Eine Reperfusionstherapie wird für alle STEMI-Patienten innerhalb von 12 Stunden nach dem Auftreten der ersten Symptome empfohlen. Infarkte mit einer Dauer von 12 bis 24 Stunden sollten bei anhaltenden Beschwerden und/oder weiterhin bestehenden Ischämie-Zeichen mit EKG-Veränderungen einer Reperfusionstherapie mit PCI unterzogen werden.

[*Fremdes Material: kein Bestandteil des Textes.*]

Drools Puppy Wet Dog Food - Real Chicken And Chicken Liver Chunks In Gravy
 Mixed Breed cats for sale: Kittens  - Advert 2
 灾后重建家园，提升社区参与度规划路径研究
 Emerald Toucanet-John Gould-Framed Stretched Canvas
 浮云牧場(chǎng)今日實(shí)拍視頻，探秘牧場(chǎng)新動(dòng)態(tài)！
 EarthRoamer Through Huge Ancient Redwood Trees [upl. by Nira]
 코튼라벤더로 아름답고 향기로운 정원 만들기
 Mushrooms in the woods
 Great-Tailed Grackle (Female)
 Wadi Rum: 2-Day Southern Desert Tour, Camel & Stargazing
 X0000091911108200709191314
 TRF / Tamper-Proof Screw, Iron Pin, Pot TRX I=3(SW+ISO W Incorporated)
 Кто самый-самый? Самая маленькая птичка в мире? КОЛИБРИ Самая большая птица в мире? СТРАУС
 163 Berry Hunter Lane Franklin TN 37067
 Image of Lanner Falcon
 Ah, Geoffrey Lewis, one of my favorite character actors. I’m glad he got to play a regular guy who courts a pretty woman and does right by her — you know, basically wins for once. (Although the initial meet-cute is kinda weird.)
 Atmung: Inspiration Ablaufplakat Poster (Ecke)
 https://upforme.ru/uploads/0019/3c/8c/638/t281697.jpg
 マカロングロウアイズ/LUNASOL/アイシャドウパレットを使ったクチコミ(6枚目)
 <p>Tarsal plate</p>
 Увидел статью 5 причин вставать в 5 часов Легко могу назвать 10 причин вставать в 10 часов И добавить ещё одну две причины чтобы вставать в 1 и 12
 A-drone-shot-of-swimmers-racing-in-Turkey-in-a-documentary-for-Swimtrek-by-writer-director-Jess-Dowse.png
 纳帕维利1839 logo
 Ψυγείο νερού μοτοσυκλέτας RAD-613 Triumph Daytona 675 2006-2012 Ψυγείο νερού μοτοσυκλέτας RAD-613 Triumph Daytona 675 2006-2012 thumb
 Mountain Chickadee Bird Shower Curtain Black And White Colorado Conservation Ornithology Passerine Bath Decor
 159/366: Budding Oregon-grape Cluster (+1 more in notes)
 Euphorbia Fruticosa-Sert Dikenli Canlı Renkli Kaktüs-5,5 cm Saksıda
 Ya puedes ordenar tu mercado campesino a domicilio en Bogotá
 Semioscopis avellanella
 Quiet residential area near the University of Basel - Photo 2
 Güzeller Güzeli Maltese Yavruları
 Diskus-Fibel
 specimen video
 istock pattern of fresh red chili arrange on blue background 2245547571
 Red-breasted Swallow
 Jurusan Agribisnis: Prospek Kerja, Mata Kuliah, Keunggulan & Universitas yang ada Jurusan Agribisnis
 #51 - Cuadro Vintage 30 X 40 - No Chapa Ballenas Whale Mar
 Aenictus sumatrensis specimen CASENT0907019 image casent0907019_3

Der routinemäßige Einsatz von PCI bei stabilen Patienten mit älteren Infarkten ohne Anzeichen einer Ischämie wird nicht empfohlen.

Wichtig ist auch die peri-interventionelle Begleittherapie: An Antiplättchensubstanzen sollten zusätzlich zu Aspirin Prasugrel oder Ticagrelor zum Einsatz kommen (I B Empfehlung), an Antikoagulantien Bivalirudin (I B) oder unfraktioniertes Heparin (I C). Auch niedermolekulares Heparin (Enoxaparin) ist möglich (IIbB).

Im Falle einer Fibrinolysetherapie sollten zusätzlich zum Fibrinolytikum (bevorzugt TNK-tPA oder andere Fibrin-spezifische Substanzen) Aspirin, Clopidrogel und niedermolekulares Heparin zur Anwendung kommen.